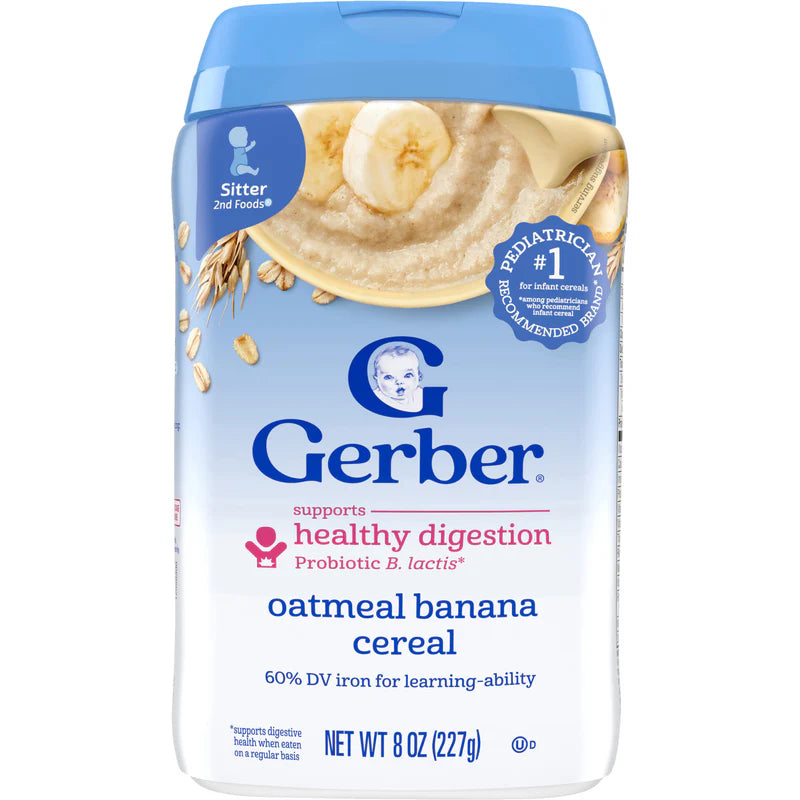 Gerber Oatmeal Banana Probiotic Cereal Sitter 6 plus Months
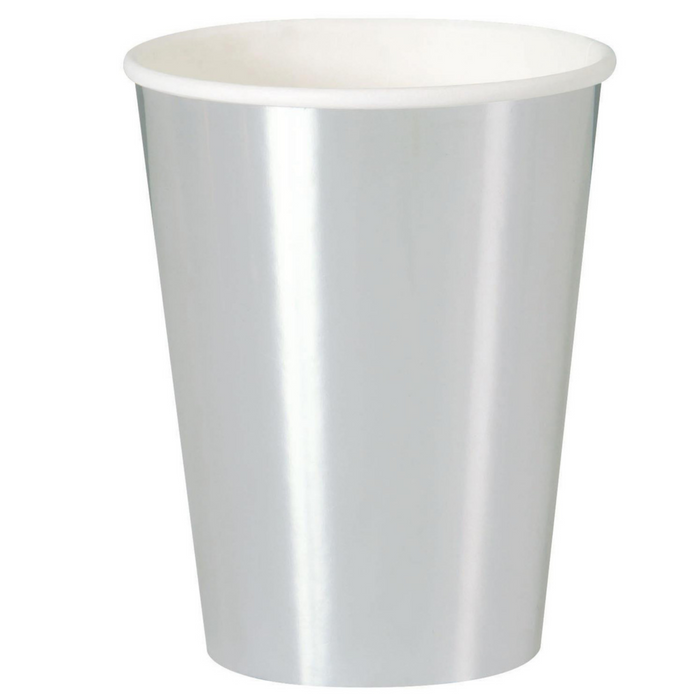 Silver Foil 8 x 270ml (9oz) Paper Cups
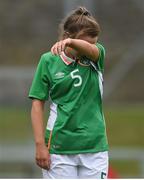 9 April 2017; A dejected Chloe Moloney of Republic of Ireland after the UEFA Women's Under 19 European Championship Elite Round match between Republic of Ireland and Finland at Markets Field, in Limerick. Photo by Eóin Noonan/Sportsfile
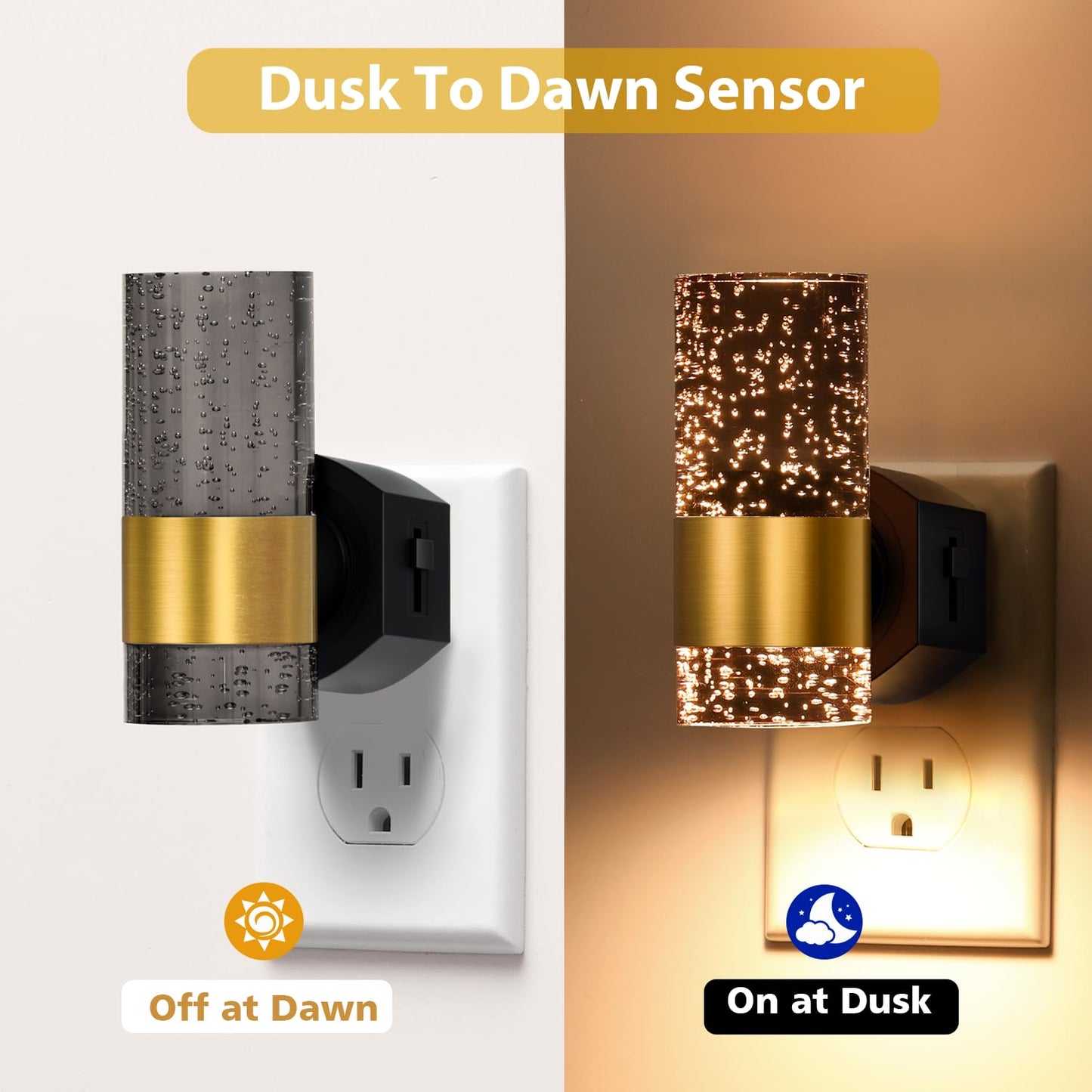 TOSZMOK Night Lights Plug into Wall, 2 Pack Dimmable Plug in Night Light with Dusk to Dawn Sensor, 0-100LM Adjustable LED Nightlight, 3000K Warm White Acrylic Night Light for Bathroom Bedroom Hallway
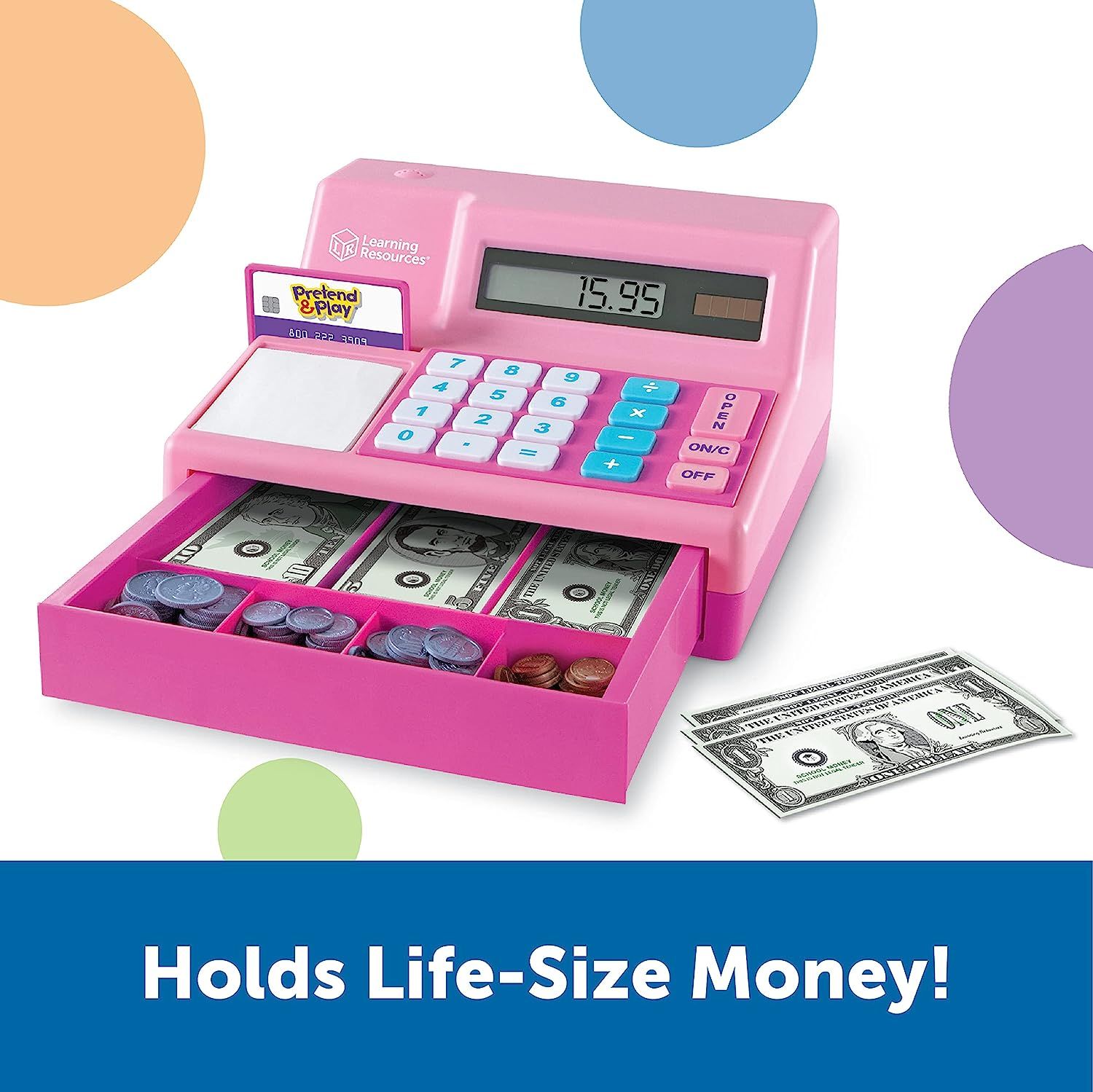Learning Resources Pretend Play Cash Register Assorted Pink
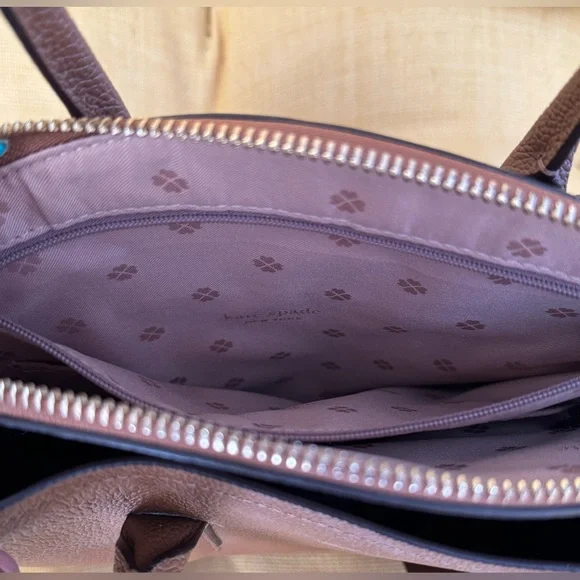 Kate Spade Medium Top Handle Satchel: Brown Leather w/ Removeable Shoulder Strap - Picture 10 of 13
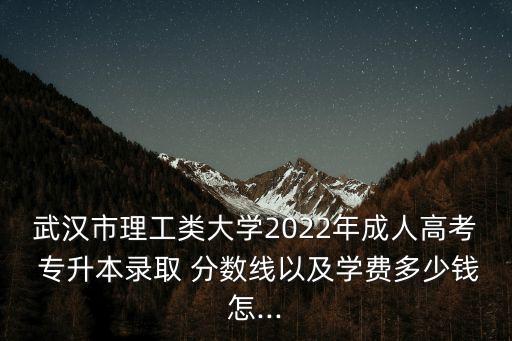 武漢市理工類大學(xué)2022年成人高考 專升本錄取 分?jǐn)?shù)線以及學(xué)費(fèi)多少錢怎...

### WHAT TO WORK ON
Pictures are to be omitted. Output verbatim only the lines from the one holding "Kate Spade Medium" through the end of the material, both included.

### RESULT BELOW
 Kate Spade Medium Top Handle Satchel: Brown Leather w/ Removeable Shoulder Strap - Picture 10 of 13
 武漢市理工類大學(xué)2022年成人高考 專升本錄取 分?jǐn)?shù)線以及學(xué)費(fèi)多少錢怎...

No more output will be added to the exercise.